# WORK TASK
Before writing anything, find the line that contains "Seewölfe - Piraten", then retype the entries below exactly from their first line through that one, without pictures.

══ DATA EXTRACTS

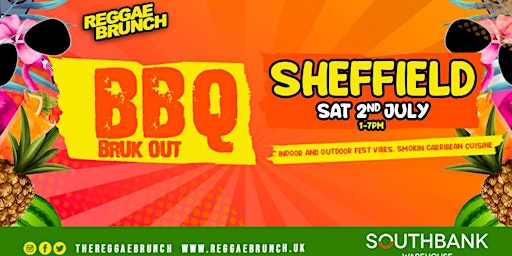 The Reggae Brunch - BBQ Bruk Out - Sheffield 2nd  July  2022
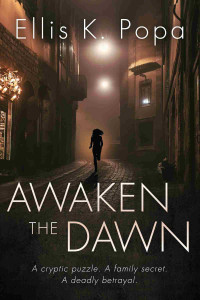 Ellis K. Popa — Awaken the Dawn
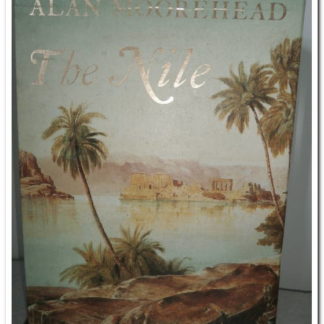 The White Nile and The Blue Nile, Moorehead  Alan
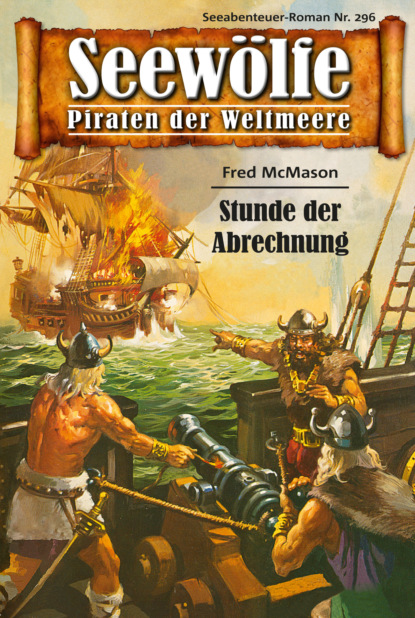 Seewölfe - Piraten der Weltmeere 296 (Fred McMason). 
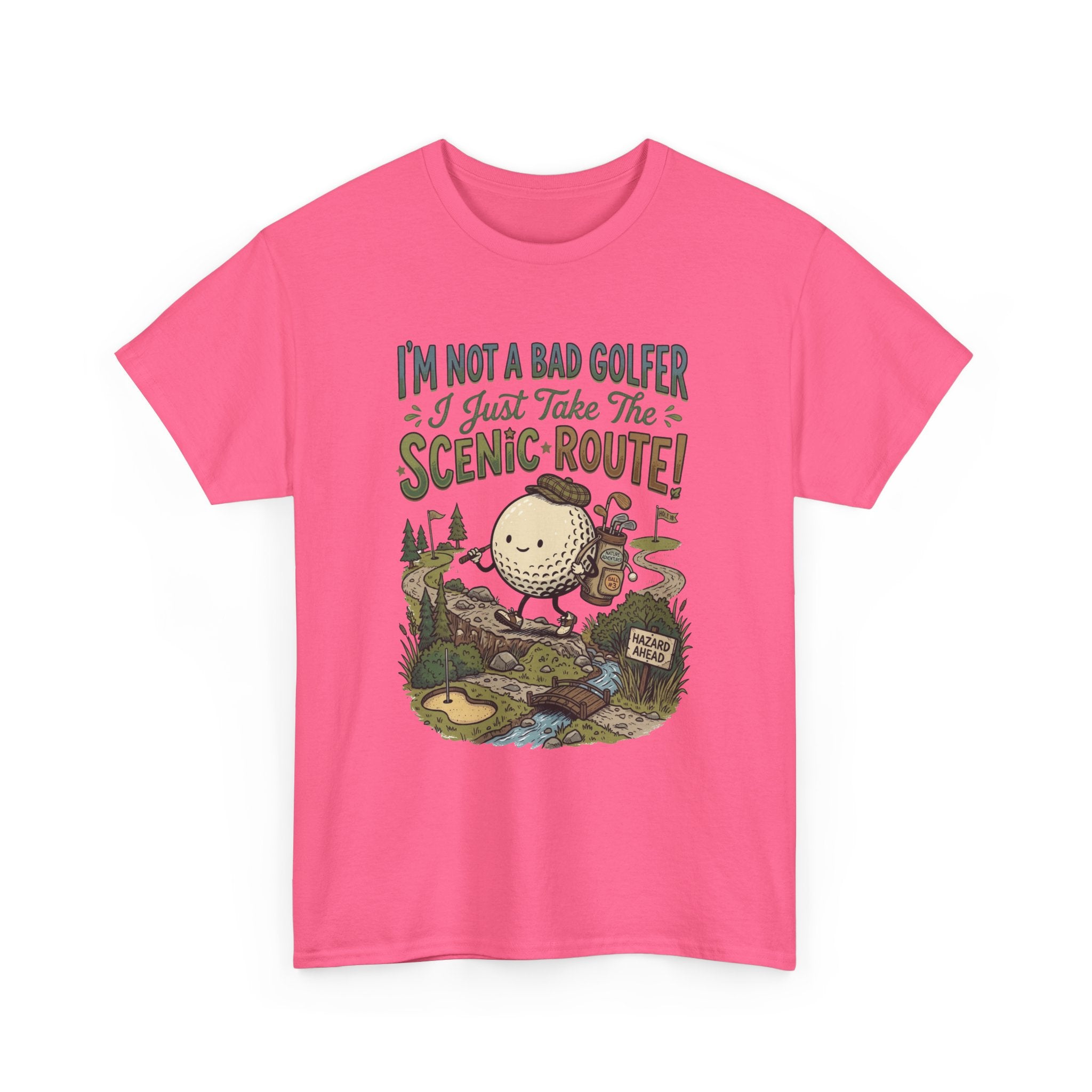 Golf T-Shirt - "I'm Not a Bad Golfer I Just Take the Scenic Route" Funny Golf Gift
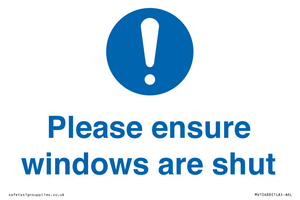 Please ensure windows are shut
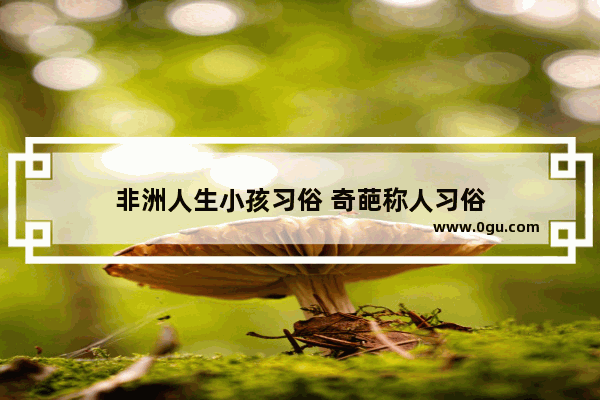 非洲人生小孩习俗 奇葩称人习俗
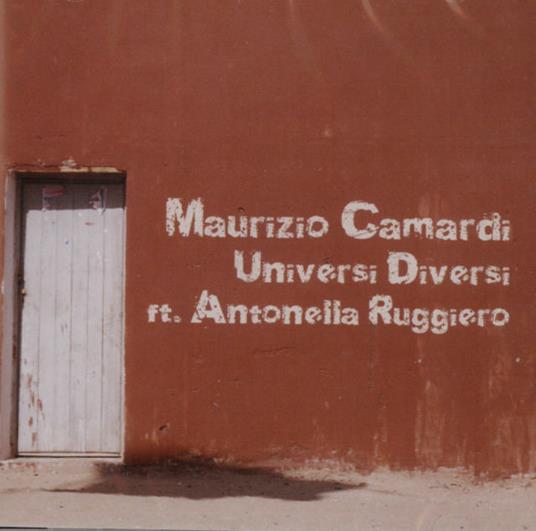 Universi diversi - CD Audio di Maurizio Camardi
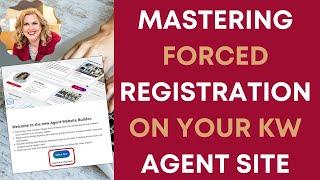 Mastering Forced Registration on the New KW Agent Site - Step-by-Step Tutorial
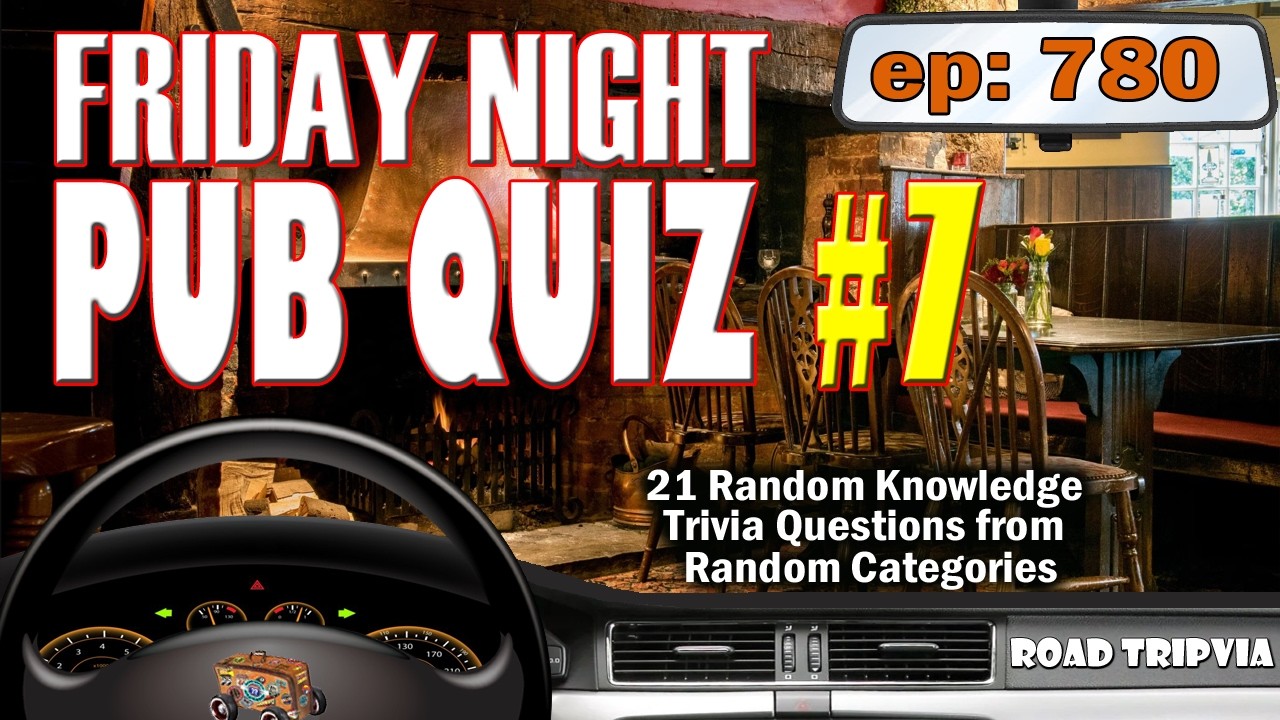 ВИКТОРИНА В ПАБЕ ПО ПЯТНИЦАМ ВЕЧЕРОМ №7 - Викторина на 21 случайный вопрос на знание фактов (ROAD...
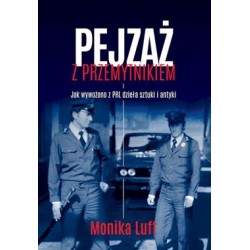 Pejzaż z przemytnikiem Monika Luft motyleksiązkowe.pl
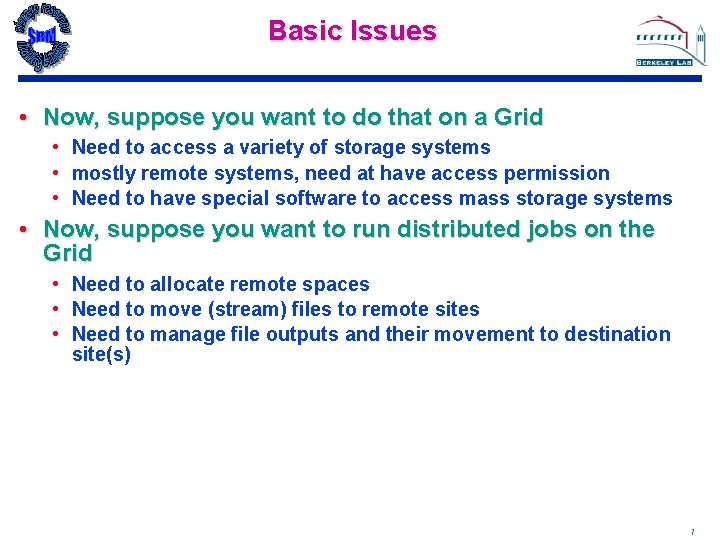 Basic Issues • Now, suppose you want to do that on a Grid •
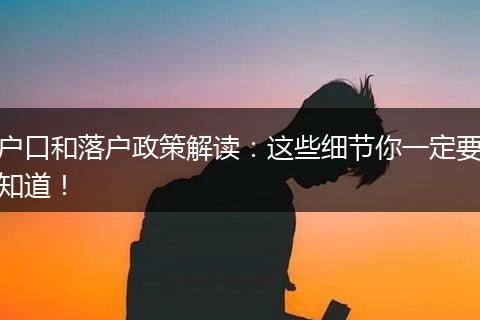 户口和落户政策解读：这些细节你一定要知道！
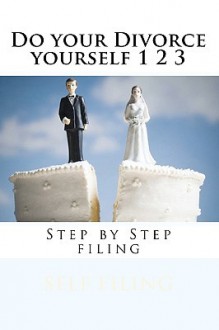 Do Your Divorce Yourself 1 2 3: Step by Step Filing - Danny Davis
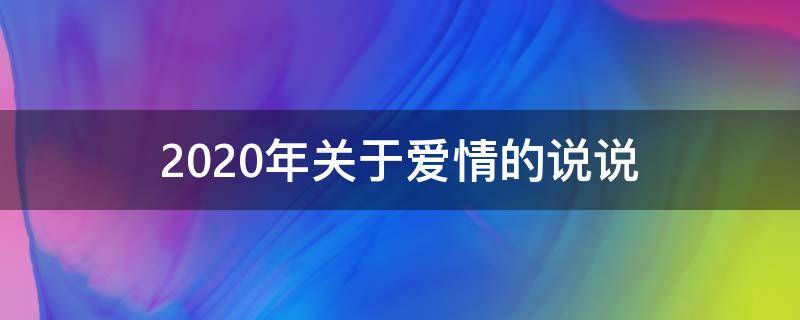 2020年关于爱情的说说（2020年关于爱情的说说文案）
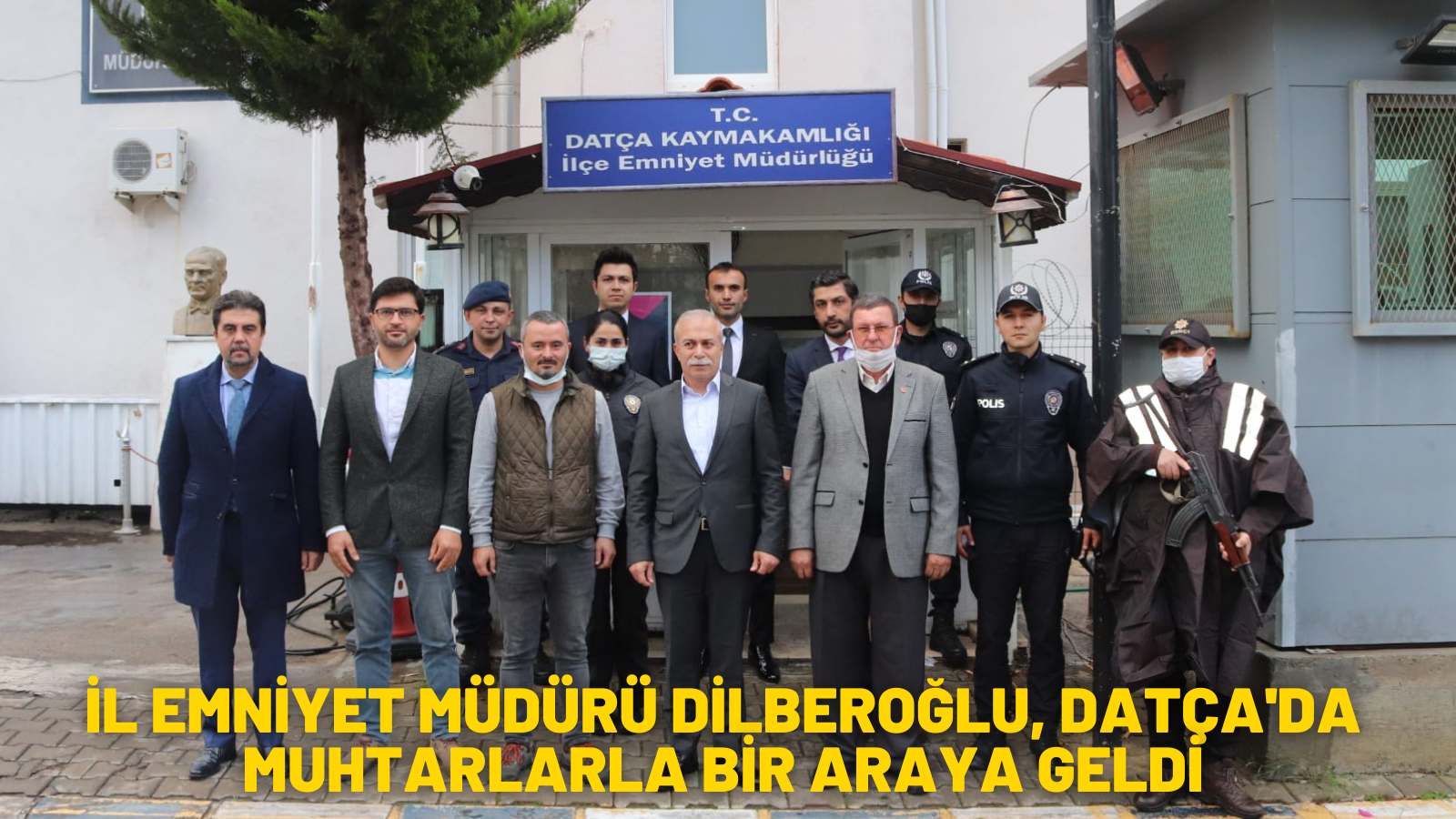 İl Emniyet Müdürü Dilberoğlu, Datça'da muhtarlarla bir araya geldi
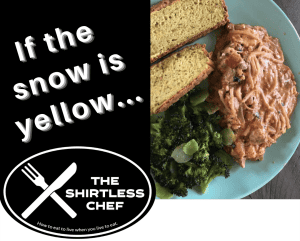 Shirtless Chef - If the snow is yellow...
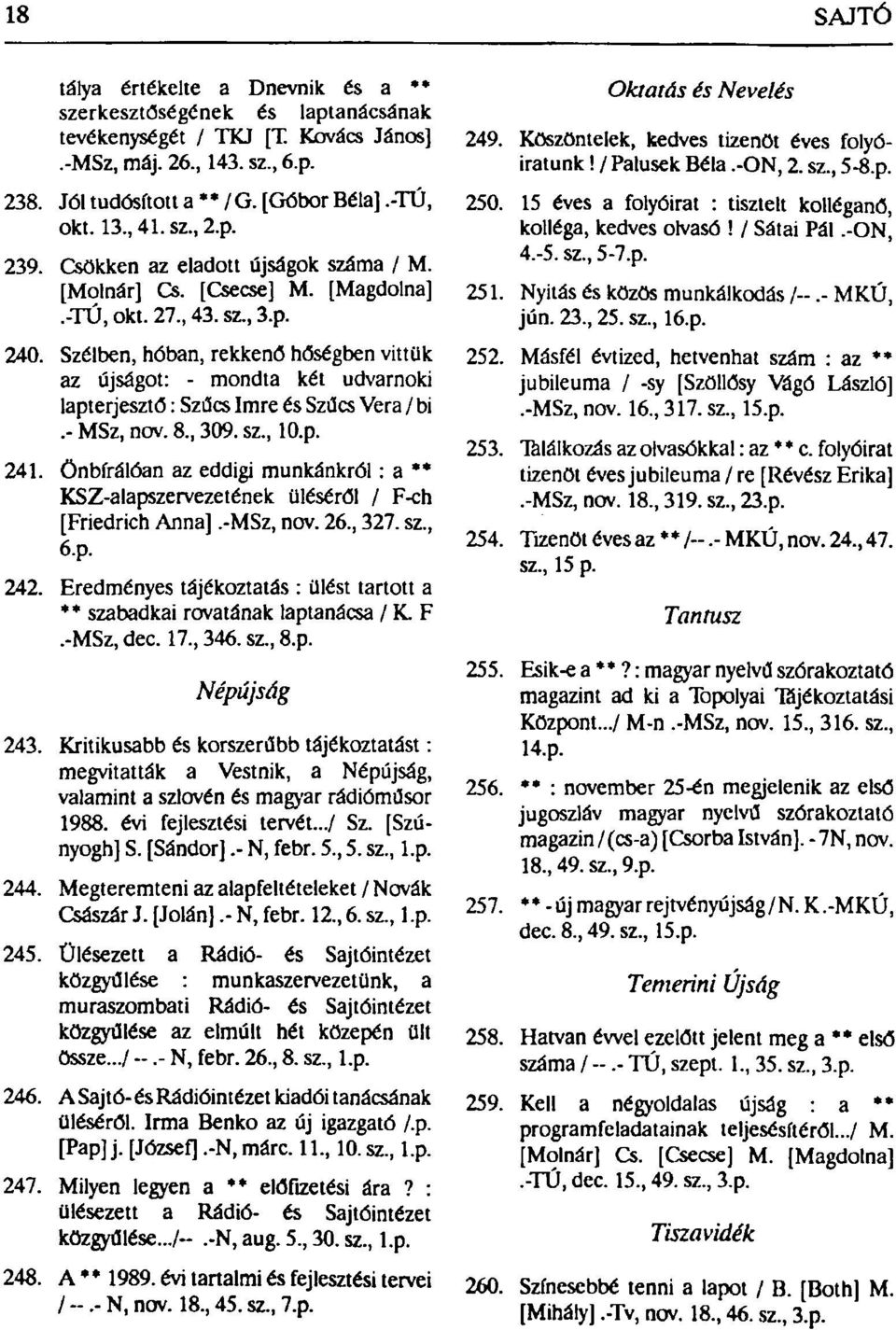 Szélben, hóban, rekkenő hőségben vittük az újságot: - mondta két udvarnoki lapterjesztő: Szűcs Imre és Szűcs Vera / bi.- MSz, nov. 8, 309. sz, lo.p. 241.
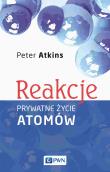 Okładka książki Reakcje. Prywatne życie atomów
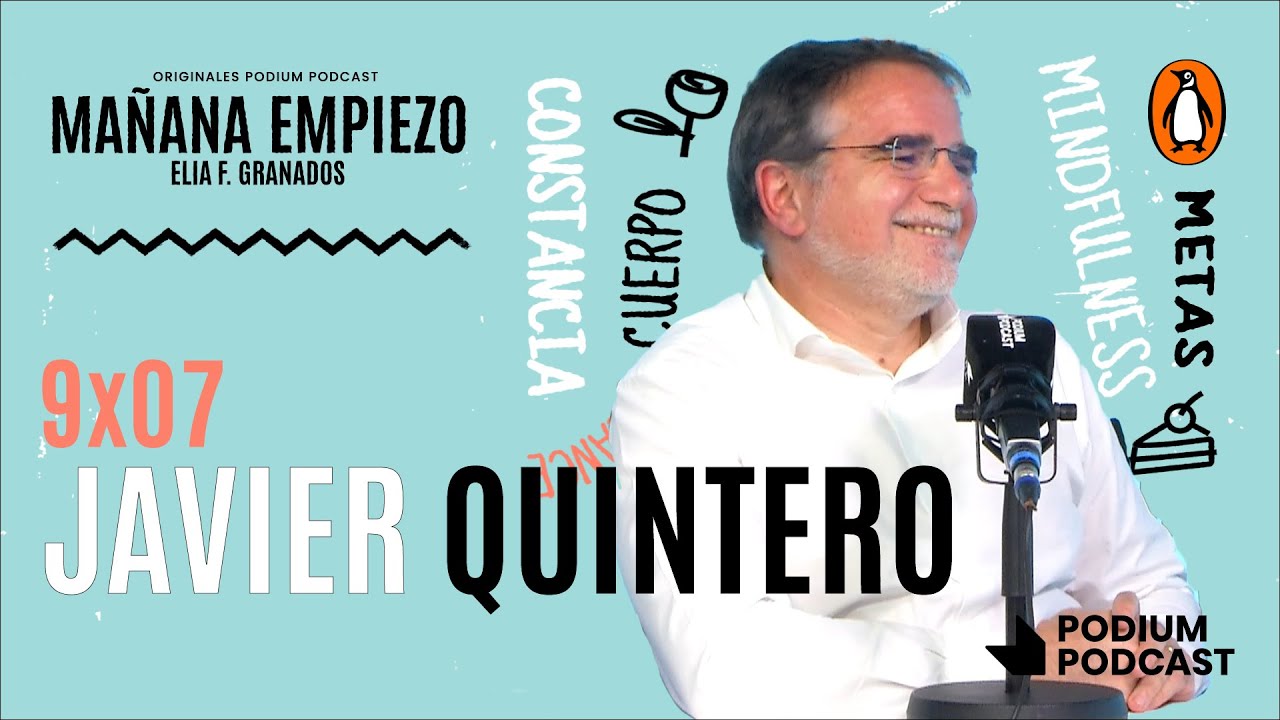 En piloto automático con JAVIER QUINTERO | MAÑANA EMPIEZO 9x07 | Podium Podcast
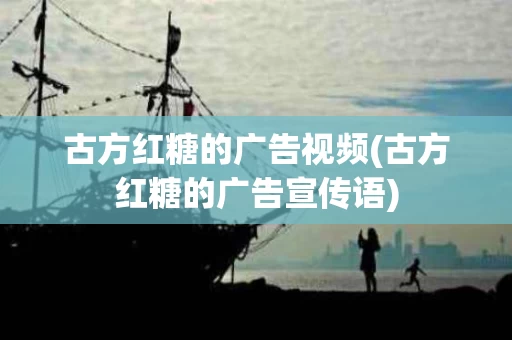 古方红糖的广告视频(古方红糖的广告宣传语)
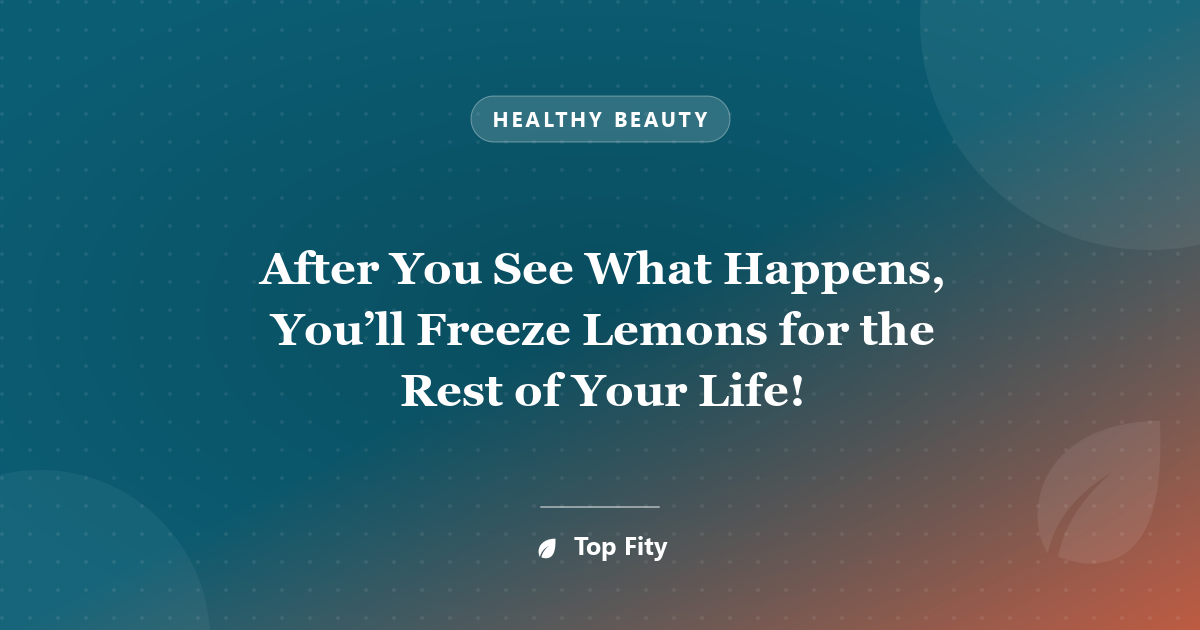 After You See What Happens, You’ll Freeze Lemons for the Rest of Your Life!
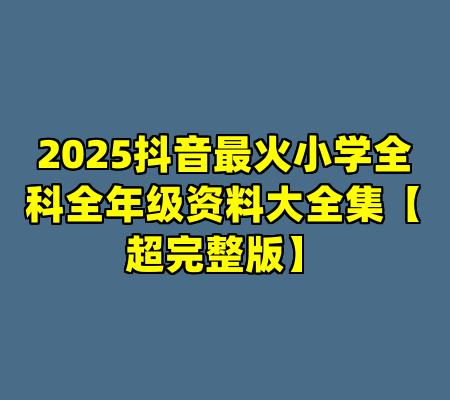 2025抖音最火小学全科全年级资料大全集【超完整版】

════

# ANSWER
 The Reggae Brunch - BBQ Bruk Out - Sheffield 2nd  July  2022
 Ellis K. Popa — Awaken the Dawn
 The White Nile and The Blue Nile, Moorehead  Alan
 Seewölfe - Piraten der Weltmeere 296 (Fred McMason). 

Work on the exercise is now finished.